As an example, although the MindUp curriculum introduces elementary school children to the concept of mindfulness, the exercises they introduce are not described as mindfulness meditation. Instead they are skillfully called brain breaks for the purpose of developing focussed awareness, which is valuable in itself and is the foundation from which mindfulness can then later be developed.

2) Put on your own oxygen mask first

If teachers are to guide practices for children, it’s very important that they embody mindfulness themselves and have high levels of personal motivation. It is widely held that mindfulness training cannot be delivered from a script, much like you wouldn’t ask a teacher who can’t swim to teach a swimming class from a textbook. If a program cannot involve extensive teacher-training (often six months of committed personal practice and then a 4 or 5 day training) we recommend that it relies heavily on high-quality audio and video content, which teacher and pupils could follow together, perhaps leading to facilitated class discussion.

…you wouldn’t ask a teacher who can’t swim to teach a swimming class from a textbook.

It is possible to thread learning points progressively through a program of guided mindfulness practices, as is the case in popular consumer apps that use short animations to communicate core principles but then don’t separate teaching content from practice guidance. One alternative is to parachute in an external mindfulness teacher, but be aware in doing so that teaching kids is different to teaching adults—and this person must be properly trained to work with young conscripts! The downside of bringing in external teachers, in addition to cost, is that mindful attitudes are not then integrated into staff culture. If mindfulness is not modeled for children, it’s less likely to be seen as important and adopted.

3) Avoid ‘top-down’ implementation

Although the Mindfulness Initiative has been speaking to government ministers for a number of years now about how they can catalyze all the interest in mindfulness bubbling up at a school level, we’d suggest that it’s probably never a good idea to mandate training in a curriculum. At least, not unless mindfulness becomes as ‘mainstream’ as physical exercise and schools have the resources to hire dedicated staff. Because critically, if a school were compelled to teach mindfulness without staff who have a level of knowledge and interest, the likely outcomes are resistance, misunderstanding and dilution.

…it’s probably never a good idea to mandate training in a curriculum. At least, not unless mindfulness becomes as ‘mainstream’ as physical exercise…

Mindfulness requires personal intention and you cannot command someone to be mindful.
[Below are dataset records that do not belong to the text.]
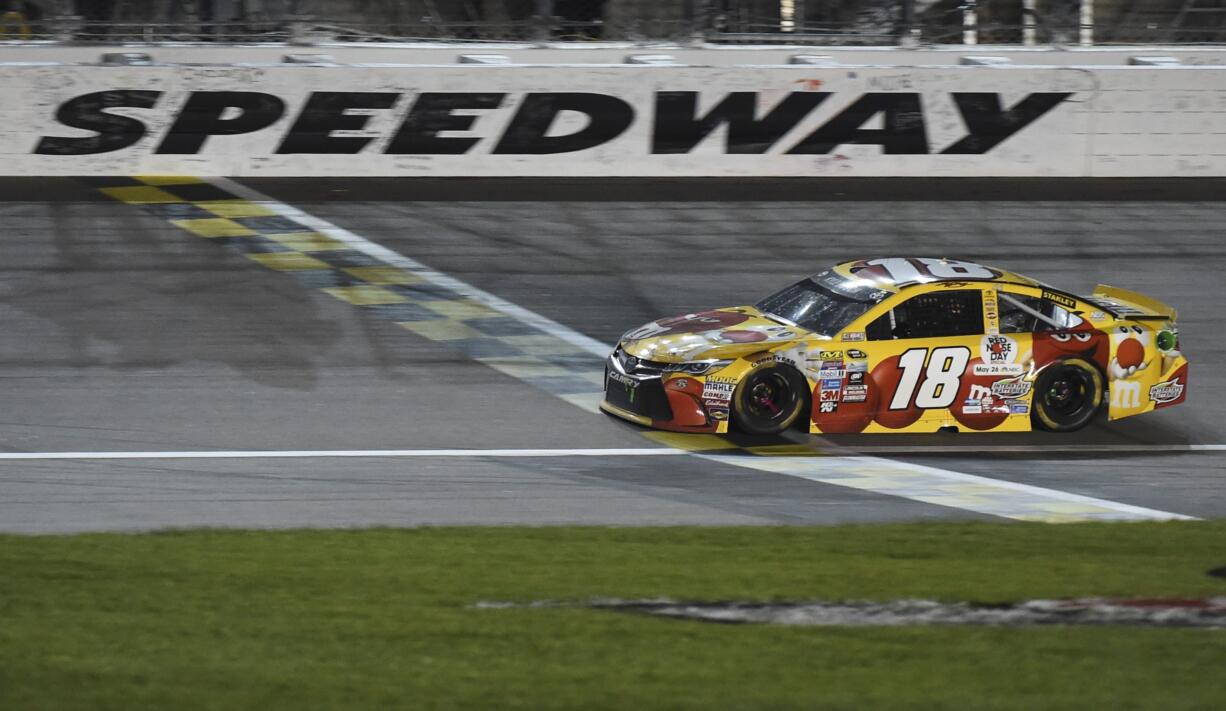 Kyle Busch (18) crosses the finish line to win a NASCAR Sprint Cup Series race at Kansas Speedway in Kansas City, Kan., Saturday, May 7, 2016.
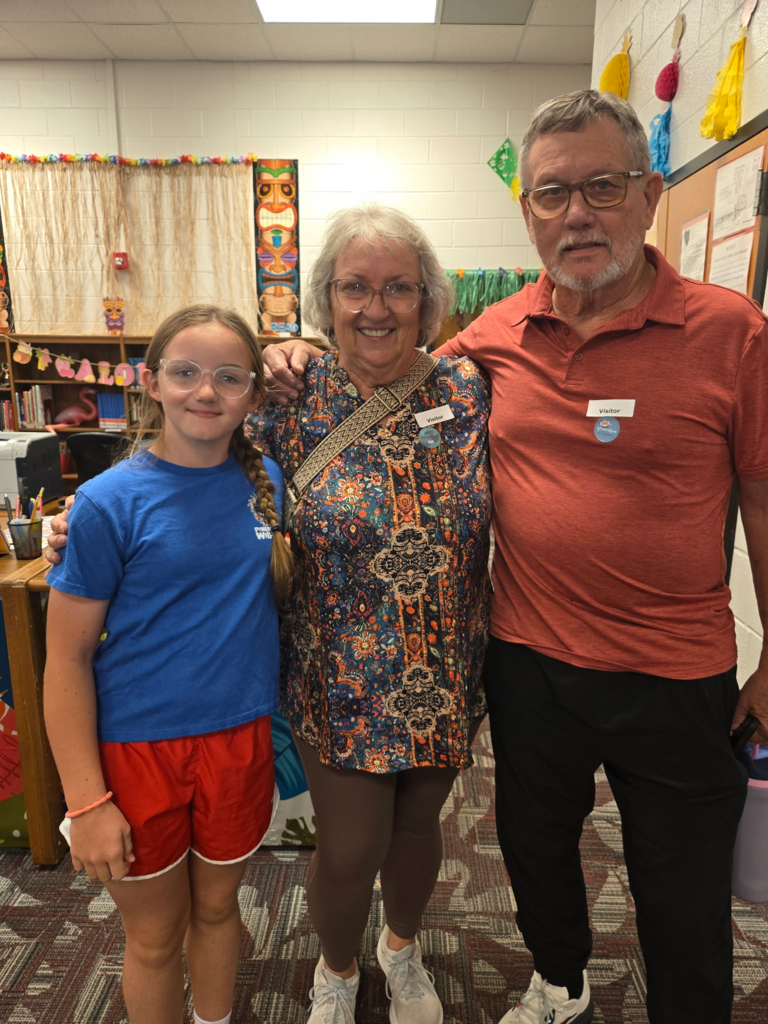grandparents shopping at the book fair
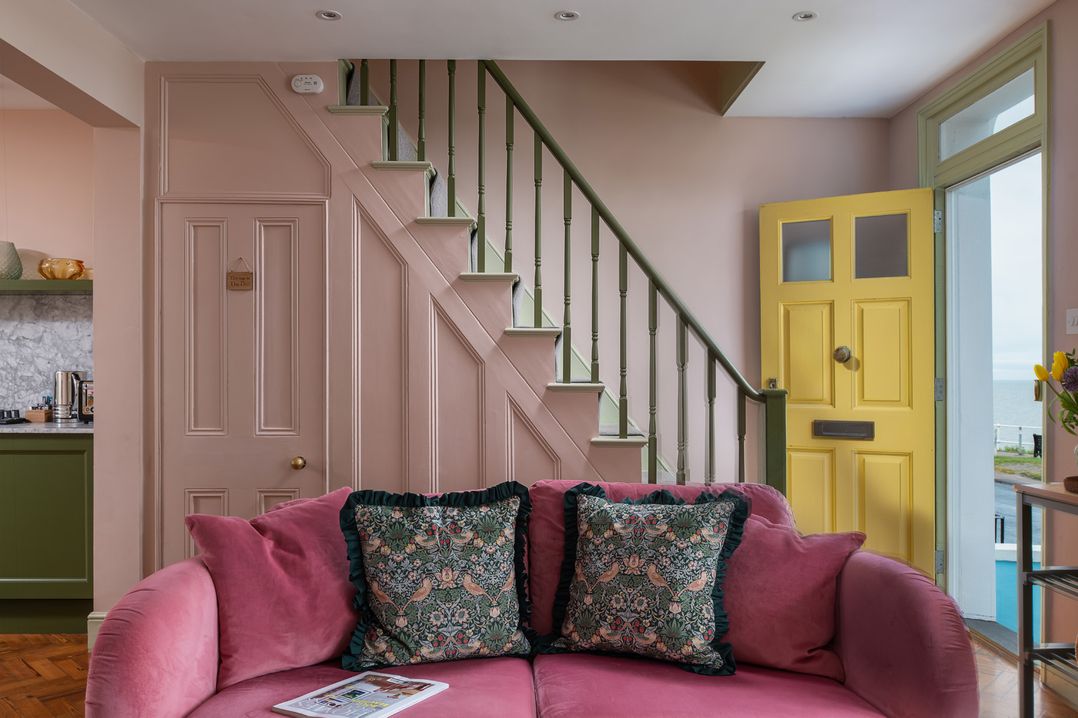 A living room with a pink sofa and yellow door at Astondene, East Cliff in Southwold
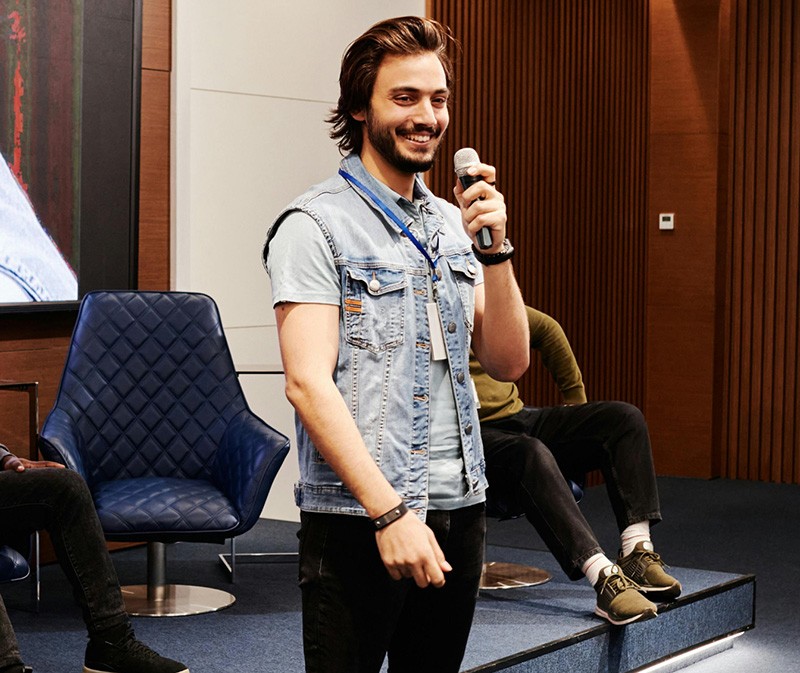 A guy holding mic with smile in his face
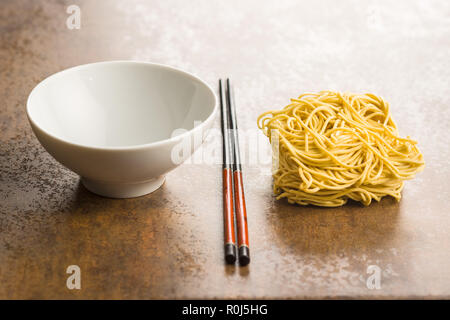 Uncooked instant chinese noodles and chopsticks. Stock Photo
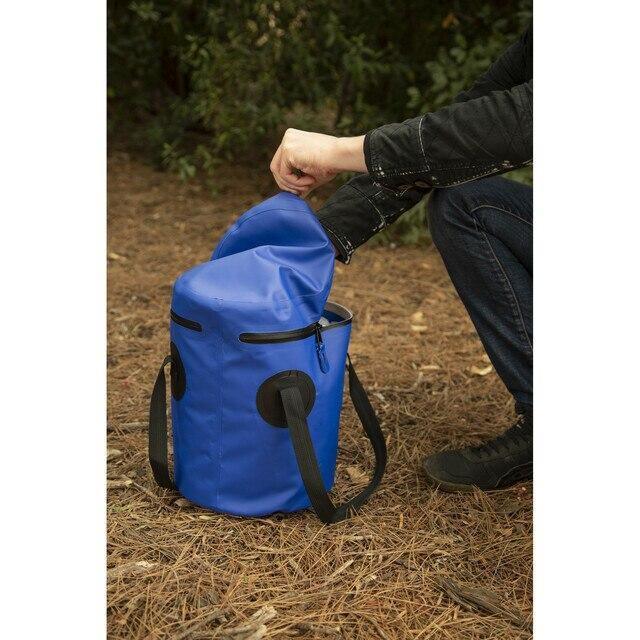 Person opening blue Stansport 12-liter outdoor trail bucket with lid in forest setting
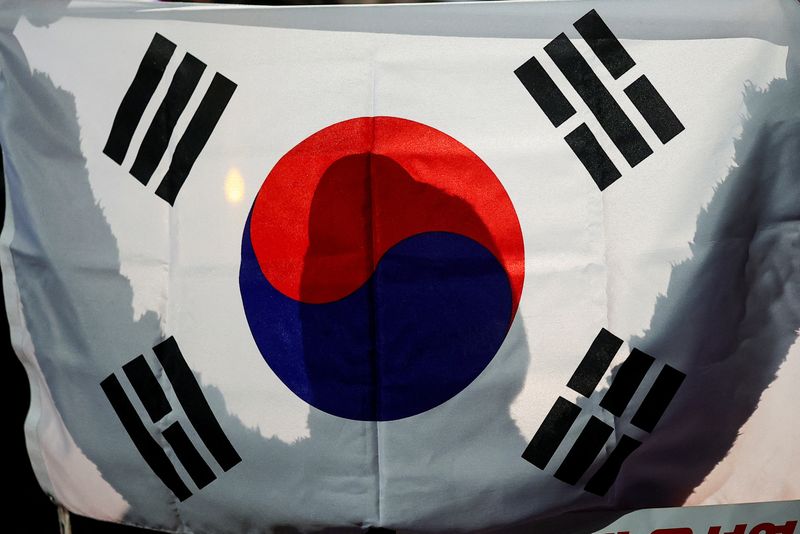 FILE PHOTO: A person holds a South Korean flag in front of the National Assembly in Seoul, South Korea, December 6, 2024. REUTERS/Kim Hong-ji/File photo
If teachers are being asked to deliver content themselves, robust practice and voluntary dedication must exist first. Across sectors, the spread of quality training won’t be top-down—the how and where of mindfulness teaching is largely in the hands of grassroots advocates. It therefore requires patience to establish a program with integrity.

How to avoid top-down mindfulness implementation:

  1. First find a local qualified mindfulness teacher to hold a taster session for teachers and staff, so that they can get a sense for what it’s all about.
  2. Then, for those who are interested, we’d suggest providing an eight-week course for teachers derived from MBSR or MBCT or another evidence-based program.
  3. Once a cohort of teachers have taken a mindfulness course themselves, perhaps support them to continue with personal practice by organizing half an hour once a week for sitting together – and/or provide access to apps and other support materials.
  4. Then, if they are inspired to do so, they could undertake teacher training, to learn how to introduce mindfulness to children. Most mindfulness teacher training programs, in the UK at least, require six months of practice.

Training staff has many benefits in its own right, and research is currently taking place into the impact of teachers’ own mindfulness practice on general teaching quality. If you need help justifying staff training to stakeholders, our recent publication Building the Case for Mindfulness in Workplace offers detailed advice.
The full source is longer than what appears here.